Core types for knowledge graphs.
This crate provides foundational types for working with knowledge graphs:
- [
Triple] - A (subject, predicate, object) triple - [
Entity] - A node in the knowledge graph - [
Relation] - An edge type in the knowledge graph - [
KnowledgeGraph] - A homogeneous graph structure built from triples - [
HeteroGraph] - A heterogeneous graph with typed nodes and edges
Historical Context: From Databases to Graphs
| Era | Representation | Example | Limitation |
|---|---|---|---|
| 1970s | Relational | SQL tables | Fixed schema, join-heavy |
| 2001 | RDF | Semantic Web | XML verbosity, query complexity |
| 2012 | Property Graphs | Neo4j | No standard query language |
| 2019 | GNN-ready graphs | PyG, DGL | Framework-specific formats |
Knowledge graphs became essential when search engines realized that "things, not strings" (Google, 2012) captures real-world semantics that keyword matching misses.
The Triple: Atomic Unit of Knowledge
All knowledge graph formalisms reduce to the triple:
(subject, predicate, object)
(Albert Einstein, born_in, Ulm)
(Ulm, located_in, Germany)
This simple structure enables:
- Inference: If A → B → C, deduce A → C
- Composition: Merge graphs by merging shared entities
- Embedding: Represent triples as vectors for ML
Beyond Triples: N-ary Relations and Hypergraphs
Triples are limited - they can only express binary relations. Real-world facts often involve more than two entities:
(Einstein, won, Nobel Prize, Physics, 1921) -- 4 entities!
(Alice, purchased, Book, $20, Amazon, 2024-01-15) -- 6 entities!
Three approaches handle this:
| Approach | Structure | Example | Trade-off |
|---|---|---|---|
| Reification | Break into multiple triples | Creates artificial nodes | Information loss |
| Qualifiers | Triple + key-value pairs | Wikidata model | Complex querying |
| Hyperedges | N-ary relation directly | Native structure | New embeddings needed |
Reification (Workaround)
Convert n-ary facts to binary by introducing intermediate nodes:
Original: (Einstein, won, Nobel, Physics, 1921)

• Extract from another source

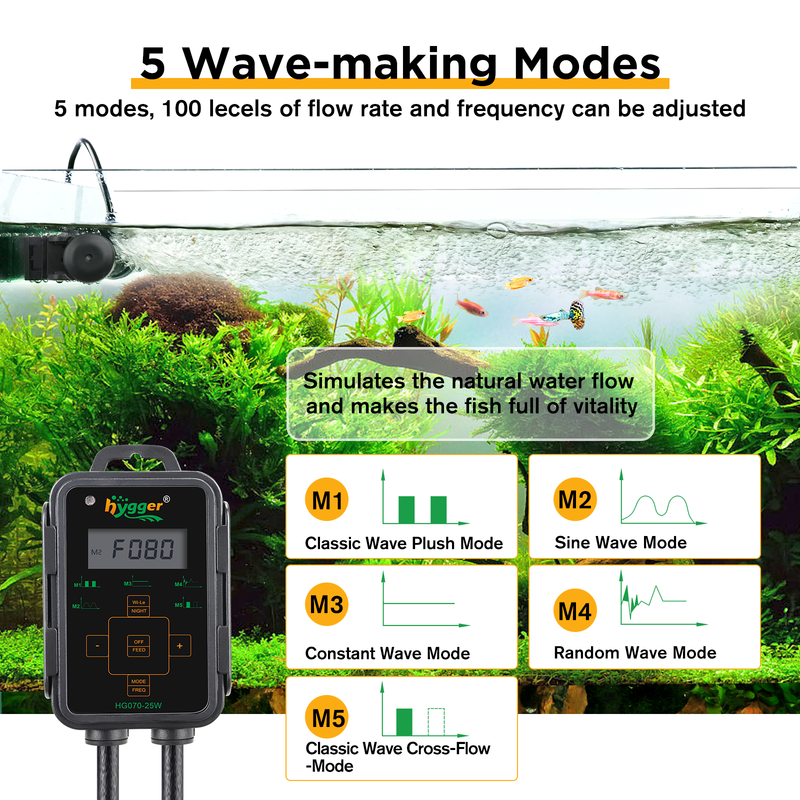 Hygger Cross Flow Wave Pump accessory with cylindrical design and inlet/outlet openings for aquarium water circulation.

Reified: (Award_1, recipient, Einstein)
(Award_1, prize, Nobel)
(Award_1, field, Physics)
(Award_1, year, 1921)
Problem: Loses the atomic nature of the fact. Embedding models struggle because Award_1 is artificial - it has no semantic meaning.
Hyper-relational KGs (Wikidata Style)
Attach qualifiers to triples:
(Einstein, won, Nobel Prize)
qualifiers: {field: Physics, year: 1921}
Implemented in [hyper::HyperTriple]. Embeddings: StarE, HINGE.
Knowledge Hypergraphs (Native N-ary)
Represent facts as hyperedges connecting multiple entities with roles:
HyperEdge {
relation: "award_ceremony",
bindings: {
recipient: Einstein,
prize: Nobel,
field: Physics,
year: 1921
}
}
Implemented in [hyper::HyperEdge]. Embeddings: HSimplE, HypE, HyCubE.
Key insight: Position-aware or role-aware encoding is essential. The relation "recipient" carries different semantics than "year".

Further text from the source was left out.